WHAT IS NEEDED: When you reach the line that holds "Sticker Collecting Album - HoneyBug", start copying exactly and keep going through the final line of the data, leaving out pictures.

Items listed in a dataset:
((
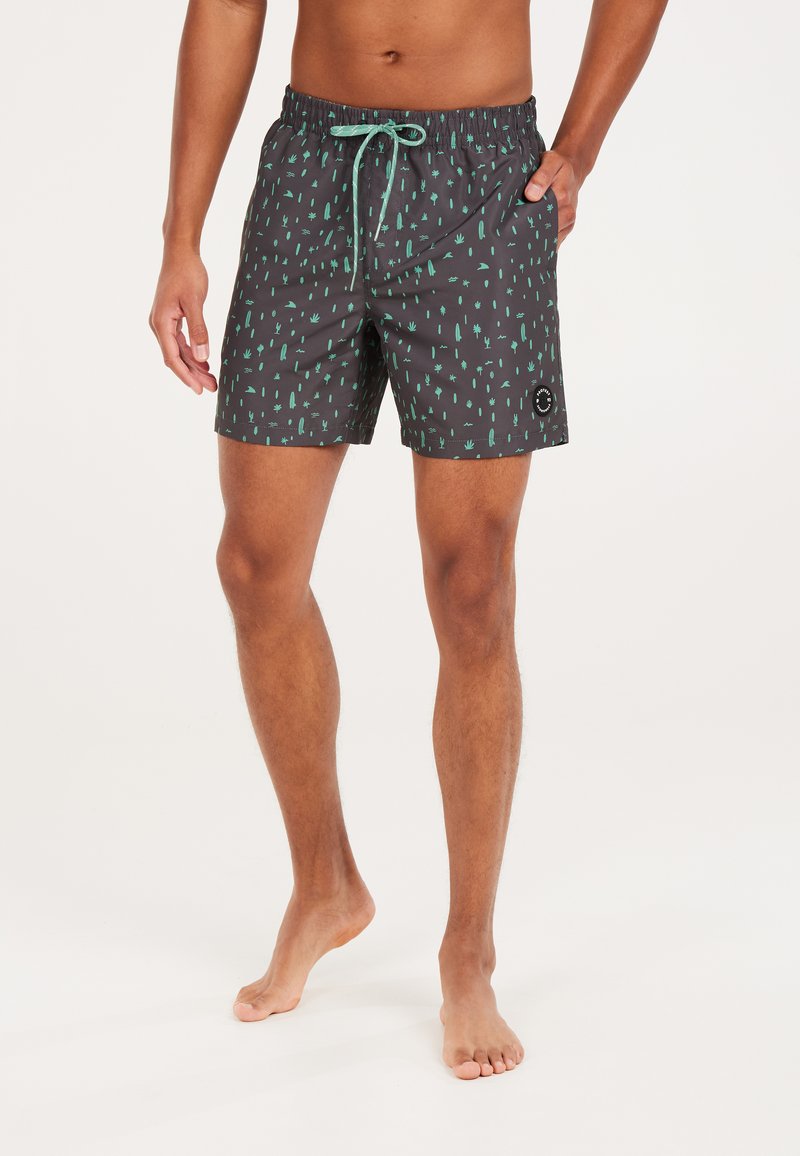 Protest - GROM - Zwemshorts - deep grey, Vergroten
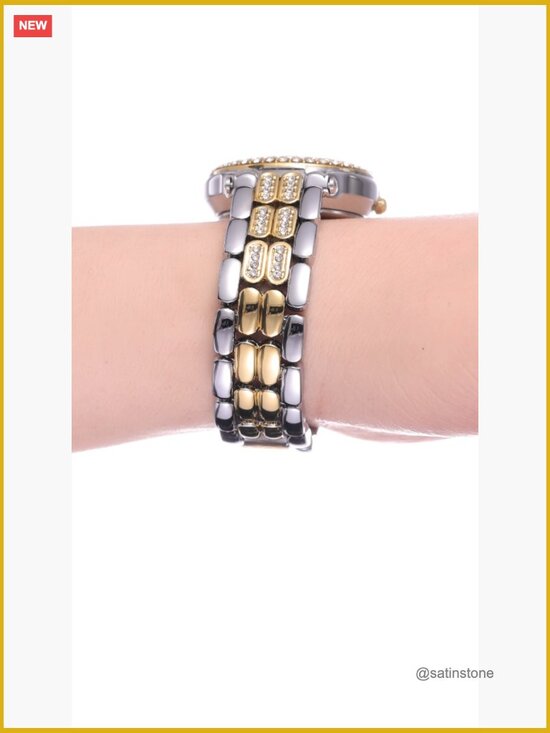 Mickey Mouse Watch for Women – Stainless Steel Strap, Japanese Quartz, Water main image 4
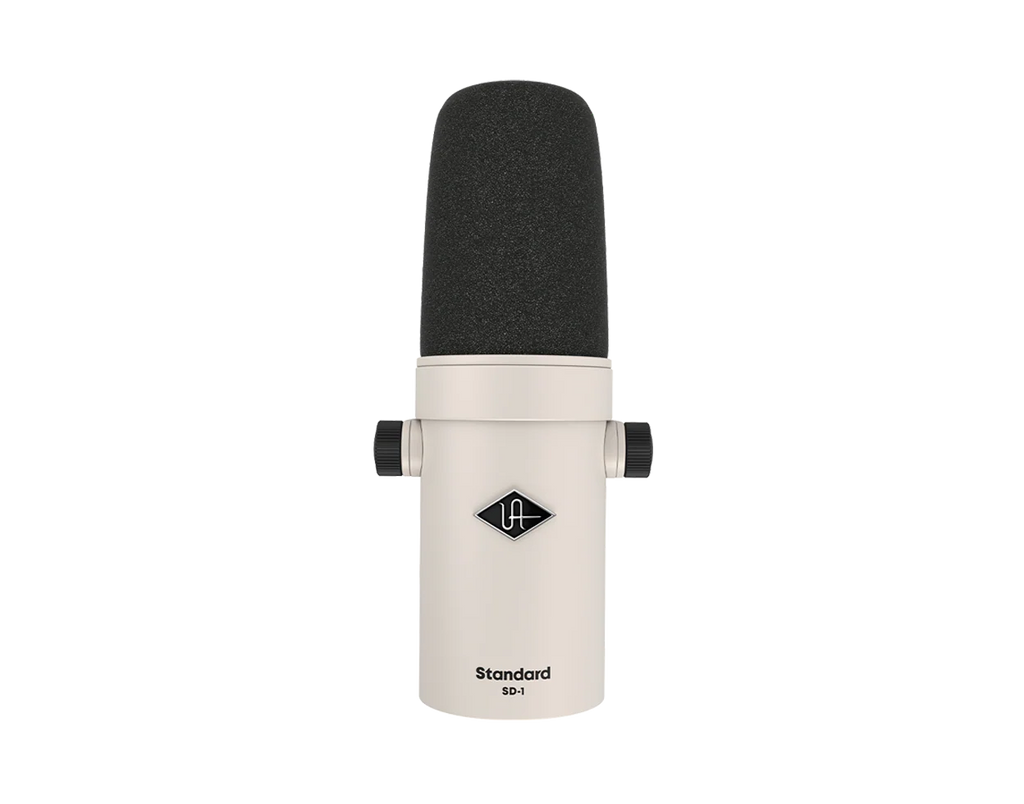 Universal Audio SD-1 Dynamic Microphone with Hemisphere Modeling — MICROPHONES series, view 1 of 7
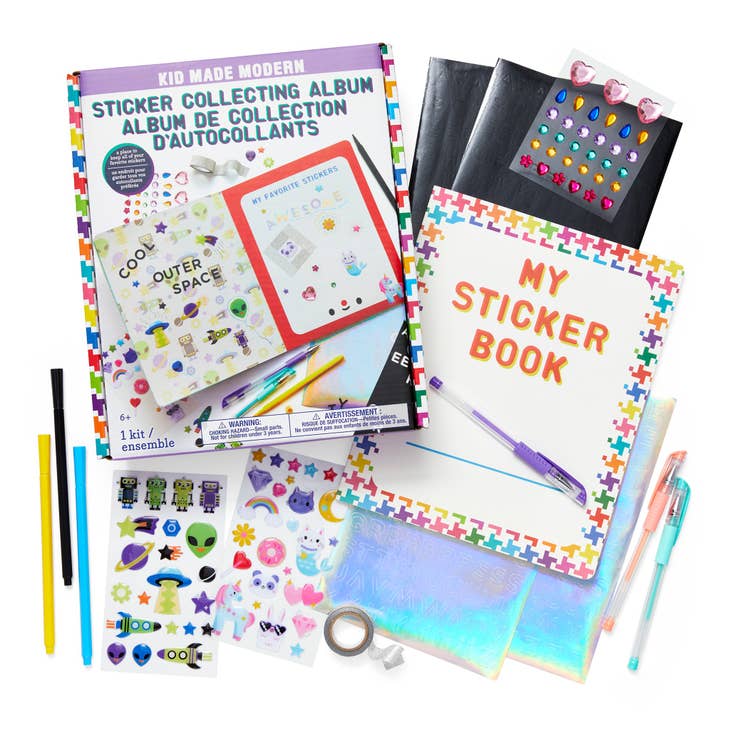 Sticker Collecting Album - HoneyBug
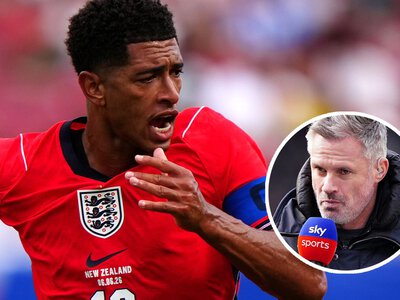 Jude Bellingham: Jamie Carragher fears Real Madrid star's England role could ‘dominate airwaves’ at World Cup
))
SOLVED EXERCISE:
 Sticker Collecting Album - HoneyBug
 Jude Bellingham: Jamie Carragher fears Real Madrid star's England role could ‘dominate airwaves’ at World Cup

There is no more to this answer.